The rollback is government wide. The Labor Department has announced plans to disband the division that polices discrimination among federal contractors as a “cost cutting measure.” The Environmental Protection Agency plans to eliminate the environmental justice program that focuses on the environmental threats to minority communities. The Education Department is decimating staffing of its Office of Civil Rights. The Department of Housing and Urban Development has revoked guidance on a rule that allows transgender people to stay in sex-segregated shelters matching their gender identity.

Attorney General Jeff Sessions, formerly a senator representing Alabama, has led the rollback. The DOJ has reversed its opposition to a Texas discriminatory voter ID law. Sessions has announced that he would review consent decrees that the Obama Justice Department made to reform police departments. Sessions has ordered U.S. prosecutors to seek the maximum sentences, while moving to revive private prisons. The administration is gearing up for a national assault on voting rights, pushing measures that will make voting more difficult.

Women, people of color, the poor and the LGBTQ are the targets and the direct victims of this assault. But the entire country will suffer, as basic rights are denied, prisons are expanded, and hopes and dreams are stuffed out.

In Chicago this week, leaders from across the country will gather for the annual Rainbow Push National Summit. We will use this time to map out our response to this assault on all that we have fought for. Now is the time for citizens of conscience to join together to defend and expand basic civil rights.

We will work to defend voting rights, building the movement to add the federal right to vote to the U.S. Constitution. As some move to constrict voting, we will move to expand it. Illinois is about to become the ninth state to pass automatic voter registration, with the potential addition of an estimated 1 million voters to the voting rolls. We will push to pass automatic voter registration in states across the union. If successful, we will add a stunning 51 million new voters to the rolls.

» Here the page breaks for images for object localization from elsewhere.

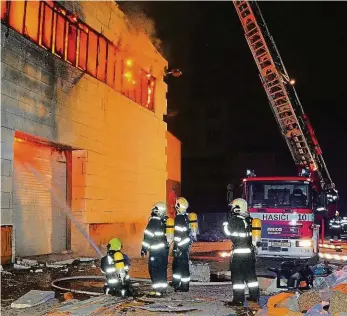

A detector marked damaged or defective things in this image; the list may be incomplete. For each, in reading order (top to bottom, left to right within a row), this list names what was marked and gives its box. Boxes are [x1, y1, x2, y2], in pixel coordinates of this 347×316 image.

broken window [8, 0, 25, 33]
broken window [23, 1, 40, 42]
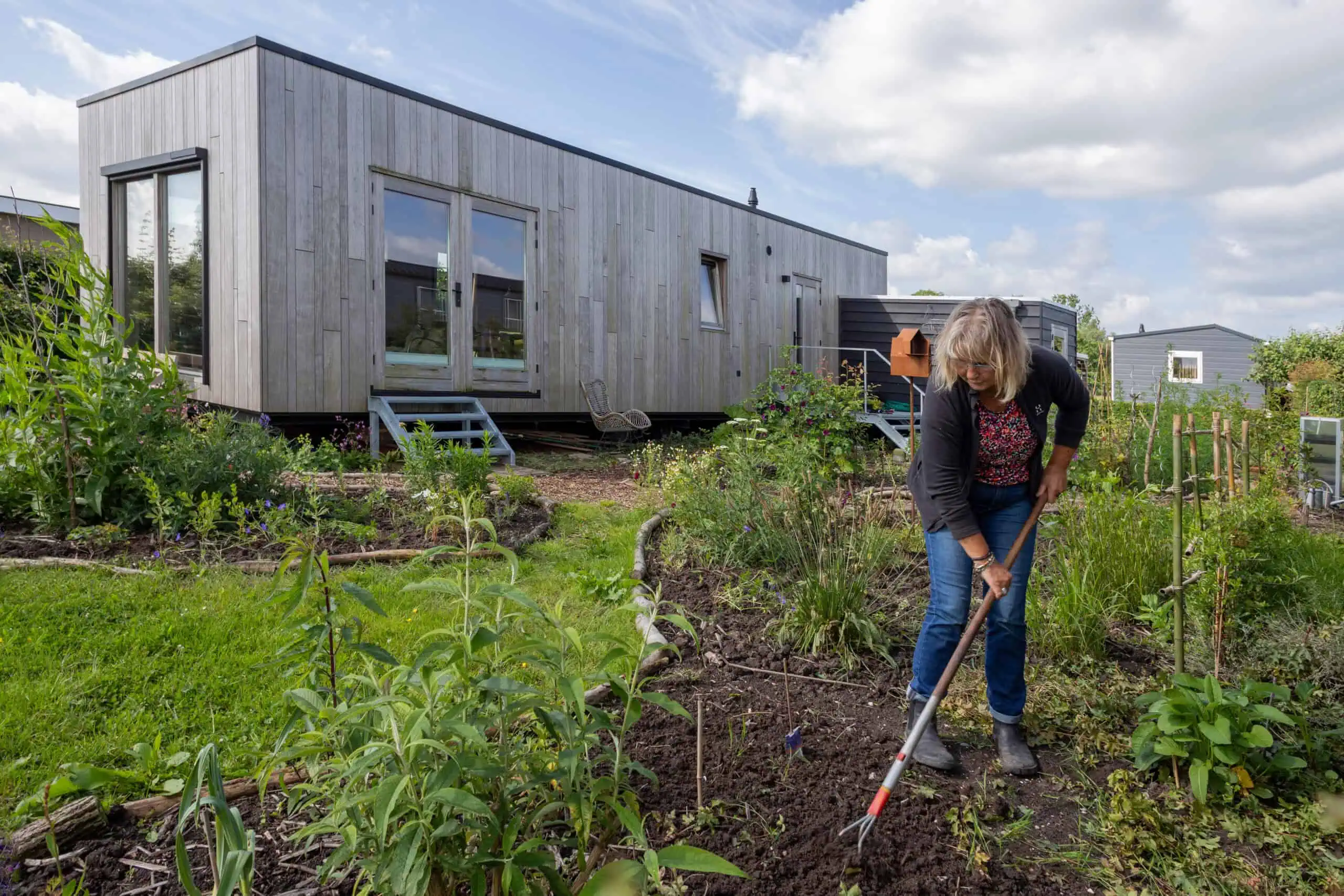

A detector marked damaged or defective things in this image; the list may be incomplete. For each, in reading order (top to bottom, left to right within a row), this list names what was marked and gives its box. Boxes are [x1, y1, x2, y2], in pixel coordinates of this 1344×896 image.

rusty metal birdhouse [887, 329, 930, 378]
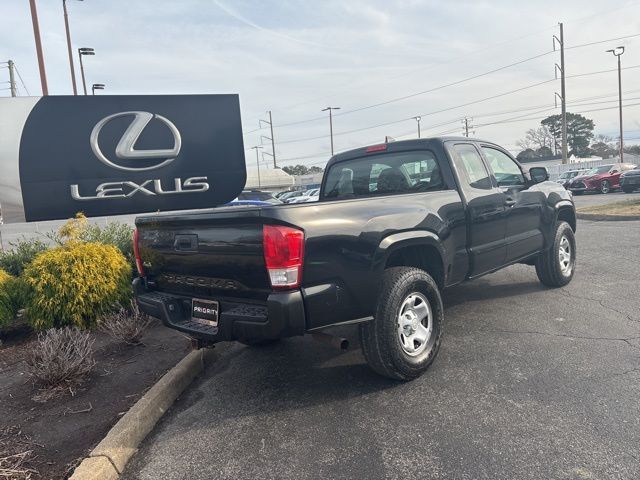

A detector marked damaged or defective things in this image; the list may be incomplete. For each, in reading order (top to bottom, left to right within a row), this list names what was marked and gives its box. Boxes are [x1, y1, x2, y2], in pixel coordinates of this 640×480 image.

cracked asphalt [122, 219, 636, 478]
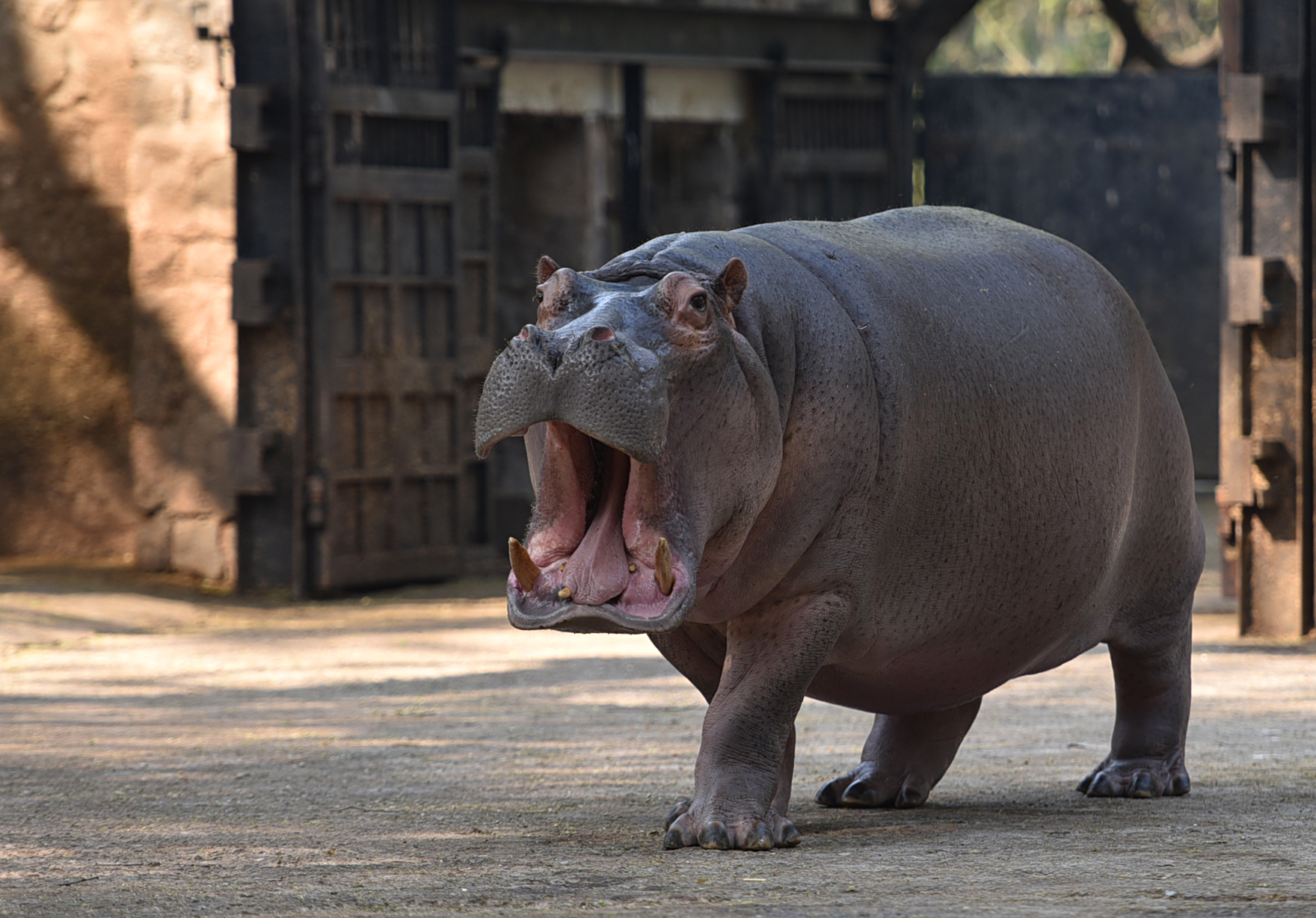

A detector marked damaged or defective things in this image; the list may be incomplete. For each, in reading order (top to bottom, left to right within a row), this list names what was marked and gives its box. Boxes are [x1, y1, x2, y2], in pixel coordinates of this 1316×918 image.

rusty metal gate [231, 0, 497, 589]
rusty metal gate [1216, 0, 1310, 633]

We will demand that President Trump fulfill his promise to invest $1 trillion in rebuilding America, helping to generate real jobs doing vital things that need to be done. We will defend sanctuary cities providing some support for undocumented workers with children. As the Department of Justice retreats from the enforcement of civil rights, we will expand the pressure on corporations and governments to adhere to equal employment opportunity from the boardroom to the basement, from their contracts to philanthropy.

Dr. Martin Luther King taught us that “human progress is neither automatic nor inevitable . . . Every step toward the goal of justice requires sacrifice, suffering and struggle — the tireless exertions and passionate concern of dedicated individuals.”

Now, in this headwind of injustice, it is time for the tribunes of justice to move forward. Now is the time for citizens of conscience to come to the aid of their country.